Most of the time, on the P-P plots, I see a straight line and it's said that if the point follow this line you can assume that your data are distributed according to this distribution. But how do you plot this straight line? Is it just y = x? If so, why? If not, what exactly do we have to plot?

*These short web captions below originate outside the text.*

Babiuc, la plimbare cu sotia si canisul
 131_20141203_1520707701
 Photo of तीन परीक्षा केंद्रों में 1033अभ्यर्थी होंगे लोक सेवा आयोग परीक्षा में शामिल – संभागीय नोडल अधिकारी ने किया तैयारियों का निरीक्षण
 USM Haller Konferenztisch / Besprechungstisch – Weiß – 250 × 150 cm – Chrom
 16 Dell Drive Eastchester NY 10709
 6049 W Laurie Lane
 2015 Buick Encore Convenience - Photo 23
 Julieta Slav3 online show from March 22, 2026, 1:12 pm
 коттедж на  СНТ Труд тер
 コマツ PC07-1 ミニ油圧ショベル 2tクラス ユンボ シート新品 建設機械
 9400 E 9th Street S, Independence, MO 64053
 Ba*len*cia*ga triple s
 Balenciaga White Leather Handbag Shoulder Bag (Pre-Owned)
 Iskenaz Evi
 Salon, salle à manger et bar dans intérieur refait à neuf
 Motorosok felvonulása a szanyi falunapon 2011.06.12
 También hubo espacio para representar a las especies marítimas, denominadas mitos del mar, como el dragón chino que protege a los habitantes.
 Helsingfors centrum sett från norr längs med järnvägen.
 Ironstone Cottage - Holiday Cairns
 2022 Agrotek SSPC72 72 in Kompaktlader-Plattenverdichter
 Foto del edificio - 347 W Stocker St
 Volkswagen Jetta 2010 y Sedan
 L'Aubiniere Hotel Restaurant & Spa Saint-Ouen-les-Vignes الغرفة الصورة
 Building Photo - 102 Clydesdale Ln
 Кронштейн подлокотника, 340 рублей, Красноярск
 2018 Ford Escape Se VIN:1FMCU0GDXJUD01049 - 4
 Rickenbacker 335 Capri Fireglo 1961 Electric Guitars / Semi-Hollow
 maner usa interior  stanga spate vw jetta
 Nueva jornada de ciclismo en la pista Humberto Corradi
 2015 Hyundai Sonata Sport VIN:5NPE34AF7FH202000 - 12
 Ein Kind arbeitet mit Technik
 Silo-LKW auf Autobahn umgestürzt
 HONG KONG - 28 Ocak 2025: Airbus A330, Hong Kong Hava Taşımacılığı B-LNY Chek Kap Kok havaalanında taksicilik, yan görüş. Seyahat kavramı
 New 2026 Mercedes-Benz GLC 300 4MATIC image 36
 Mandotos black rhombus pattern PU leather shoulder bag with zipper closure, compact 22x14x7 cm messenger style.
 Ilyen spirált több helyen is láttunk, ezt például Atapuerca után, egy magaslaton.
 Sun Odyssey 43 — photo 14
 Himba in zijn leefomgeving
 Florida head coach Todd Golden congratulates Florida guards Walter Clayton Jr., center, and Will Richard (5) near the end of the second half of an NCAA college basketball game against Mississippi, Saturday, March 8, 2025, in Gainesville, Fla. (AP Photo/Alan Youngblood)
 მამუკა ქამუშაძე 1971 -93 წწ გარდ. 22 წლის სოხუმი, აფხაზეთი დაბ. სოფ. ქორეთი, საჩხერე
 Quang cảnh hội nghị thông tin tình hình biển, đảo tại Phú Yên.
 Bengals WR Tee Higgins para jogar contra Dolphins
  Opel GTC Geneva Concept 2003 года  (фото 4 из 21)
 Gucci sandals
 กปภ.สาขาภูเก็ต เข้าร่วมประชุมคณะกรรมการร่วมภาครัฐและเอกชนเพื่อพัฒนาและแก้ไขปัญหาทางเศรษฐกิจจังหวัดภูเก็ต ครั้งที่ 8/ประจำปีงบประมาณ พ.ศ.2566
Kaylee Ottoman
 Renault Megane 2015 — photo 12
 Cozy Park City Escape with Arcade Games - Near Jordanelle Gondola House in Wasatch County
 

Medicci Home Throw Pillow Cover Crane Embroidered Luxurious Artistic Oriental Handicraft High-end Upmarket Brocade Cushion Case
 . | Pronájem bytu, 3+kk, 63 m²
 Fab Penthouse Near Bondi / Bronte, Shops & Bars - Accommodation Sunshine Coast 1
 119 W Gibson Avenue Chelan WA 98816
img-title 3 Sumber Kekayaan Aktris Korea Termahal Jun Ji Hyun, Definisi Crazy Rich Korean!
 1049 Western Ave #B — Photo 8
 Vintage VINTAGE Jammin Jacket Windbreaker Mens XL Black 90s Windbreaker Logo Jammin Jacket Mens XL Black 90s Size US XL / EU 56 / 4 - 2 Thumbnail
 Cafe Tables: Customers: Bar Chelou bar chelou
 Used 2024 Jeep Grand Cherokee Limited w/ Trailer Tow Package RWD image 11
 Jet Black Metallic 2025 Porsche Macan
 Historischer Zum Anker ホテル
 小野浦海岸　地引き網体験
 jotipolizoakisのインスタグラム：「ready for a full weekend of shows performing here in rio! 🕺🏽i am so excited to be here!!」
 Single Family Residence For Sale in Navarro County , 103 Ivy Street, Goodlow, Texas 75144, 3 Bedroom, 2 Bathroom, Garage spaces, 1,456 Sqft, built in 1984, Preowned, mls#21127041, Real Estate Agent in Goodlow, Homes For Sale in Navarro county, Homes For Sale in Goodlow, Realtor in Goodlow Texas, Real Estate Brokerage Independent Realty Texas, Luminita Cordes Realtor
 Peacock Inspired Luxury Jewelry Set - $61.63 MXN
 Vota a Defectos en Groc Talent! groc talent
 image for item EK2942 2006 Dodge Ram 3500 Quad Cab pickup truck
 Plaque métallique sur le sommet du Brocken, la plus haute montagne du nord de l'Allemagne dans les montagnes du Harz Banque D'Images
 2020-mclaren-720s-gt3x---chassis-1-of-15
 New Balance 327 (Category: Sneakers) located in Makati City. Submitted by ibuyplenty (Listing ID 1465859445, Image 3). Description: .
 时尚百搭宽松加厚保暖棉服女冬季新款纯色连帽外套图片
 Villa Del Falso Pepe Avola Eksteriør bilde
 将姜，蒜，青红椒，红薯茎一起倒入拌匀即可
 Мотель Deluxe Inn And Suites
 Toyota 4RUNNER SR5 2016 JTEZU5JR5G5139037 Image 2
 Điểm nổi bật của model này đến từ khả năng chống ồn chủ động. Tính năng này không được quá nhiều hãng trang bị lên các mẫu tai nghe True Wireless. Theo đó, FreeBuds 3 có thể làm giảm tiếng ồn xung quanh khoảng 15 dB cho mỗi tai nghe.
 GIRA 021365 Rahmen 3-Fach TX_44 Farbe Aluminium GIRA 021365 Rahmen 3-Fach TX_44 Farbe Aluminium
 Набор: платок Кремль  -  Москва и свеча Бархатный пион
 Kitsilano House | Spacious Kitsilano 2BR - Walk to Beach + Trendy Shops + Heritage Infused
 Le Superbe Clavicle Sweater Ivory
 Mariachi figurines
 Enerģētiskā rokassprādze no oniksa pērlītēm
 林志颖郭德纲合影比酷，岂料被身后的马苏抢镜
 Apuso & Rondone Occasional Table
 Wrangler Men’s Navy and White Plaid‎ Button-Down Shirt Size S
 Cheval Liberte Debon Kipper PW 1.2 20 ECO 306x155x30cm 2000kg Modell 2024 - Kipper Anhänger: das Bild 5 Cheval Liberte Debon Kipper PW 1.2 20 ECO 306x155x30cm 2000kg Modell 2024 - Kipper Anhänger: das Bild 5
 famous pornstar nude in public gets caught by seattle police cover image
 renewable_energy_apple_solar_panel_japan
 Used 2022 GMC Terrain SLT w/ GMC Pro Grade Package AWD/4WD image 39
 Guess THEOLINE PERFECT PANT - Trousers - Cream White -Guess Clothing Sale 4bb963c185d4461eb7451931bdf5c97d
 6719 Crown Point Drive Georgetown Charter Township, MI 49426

%%% Definition of the probability density function, the cumulative density function
%%% and the inverse density function
pdf = @(v,x) x(2)/x(1) * (1 + v./x(1)).^(-x(2) - 1);
cdf = @(v,x) 1- (1+v./x(1)).^-x(2);
invcdf = @(y,x) x(1).*((1-y).^-(1./x(2))-1);
%%% Function to minimize to find the parameters %%%
fobserved = @(x) -mean(log((pdf(islets_vol,x)))); % islets_vol = my experimental data
options = optimset('Algorithm', 'interior-point',...
'MaxIter', 1000, ...
'MaxFunEvals', 1000);
[xhat_obs,~] = fmincon(fobserved,[0.5;0.5],-eye(2),[0;0],[],[],[],[],[],options);
%%% P-P plot %%%
yvals = sort(islets_vol,'ascend'); % islets_vol = my experimental data
xvals = invcdf((1:numel(islets_vol))/(numel(islets_vol)),xhat_obs);
scatter(xvals,yvals);